Task to carry out | An exact transcript is required of the lines below, from the one containing "this 250×188 image." through the very last; leave every picture out of it.

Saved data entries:
"""

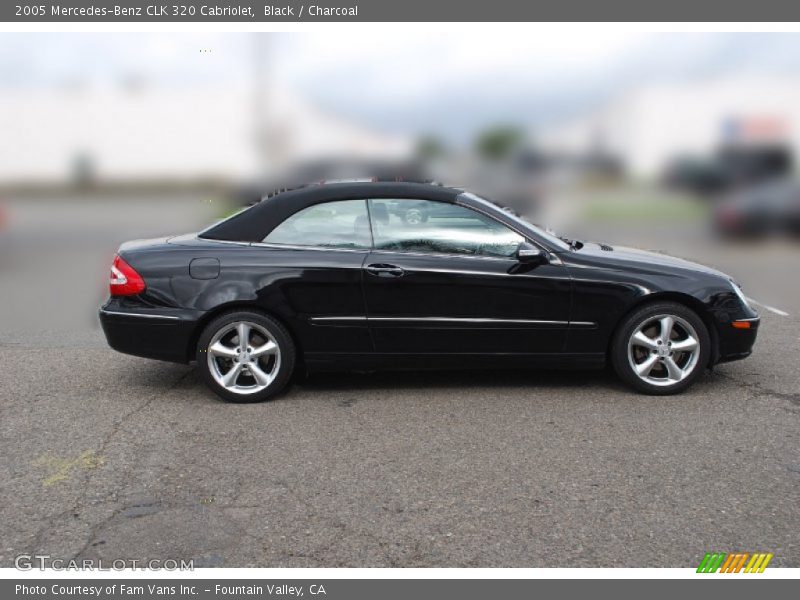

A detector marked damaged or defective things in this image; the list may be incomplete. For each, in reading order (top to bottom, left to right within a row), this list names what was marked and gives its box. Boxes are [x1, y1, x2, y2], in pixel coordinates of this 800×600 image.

cracked asphalt [0, 197, 796, 568]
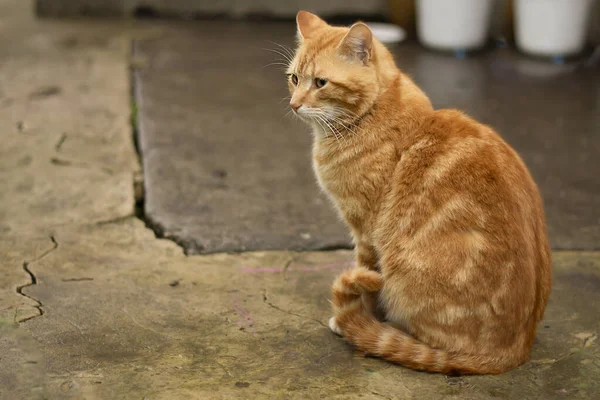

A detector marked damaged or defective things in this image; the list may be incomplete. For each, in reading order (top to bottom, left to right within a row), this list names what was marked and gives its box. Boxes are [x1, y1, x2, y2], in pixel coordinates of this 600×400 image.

crack in concrete [15, 236, 58, 324]
crack in concrete [260, 290, 326, 330]
cracked concrete slab [3, 219, 600, 400]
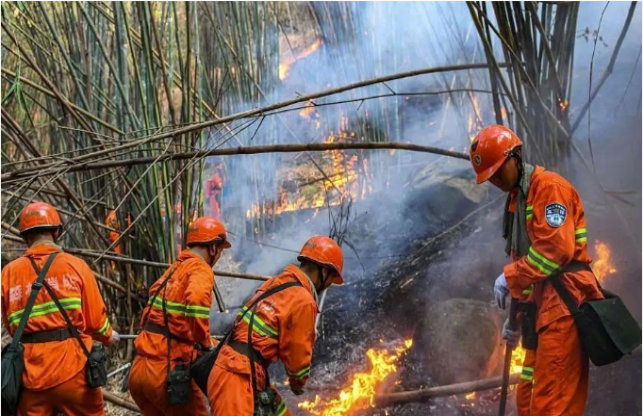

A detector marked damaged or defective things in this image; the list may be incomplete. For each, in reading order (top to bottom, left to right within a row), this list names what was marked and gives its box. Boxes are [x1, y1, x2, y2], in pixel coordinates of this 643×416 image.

bent bamboo pole [374, 374, 520, 406]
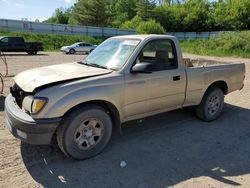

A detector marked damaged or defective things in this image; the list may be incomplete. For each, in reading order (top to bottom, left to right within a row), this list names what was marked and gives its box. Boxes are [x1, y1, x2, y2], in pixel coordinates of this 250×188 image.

crumpled hood [15, 62, 113, 92]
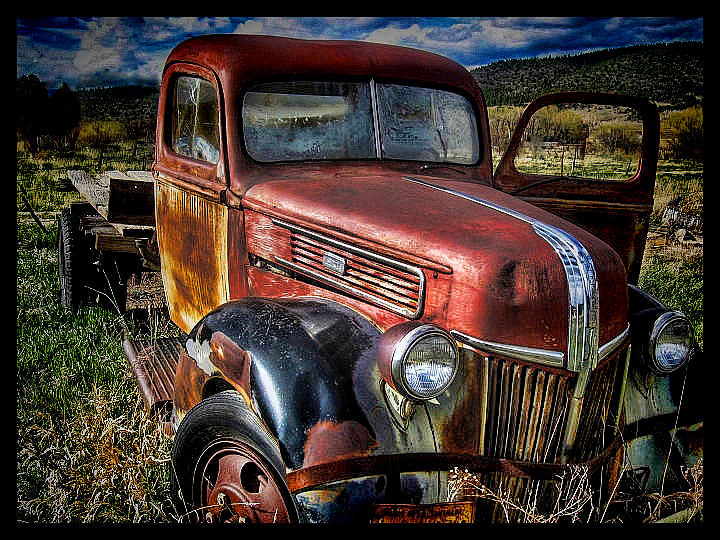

"""

Solution to this problem |
A detector marked damaged or defective things in this image; the list may be incomplete. For each, in reading order (top to bottom, left to right within a row), this list names what was marked and gives its box. Boxes are [x1, y1, x2, y2], in pixel coordinates of this 250×188 image.

crumpled hood [15, 62, 113, 92]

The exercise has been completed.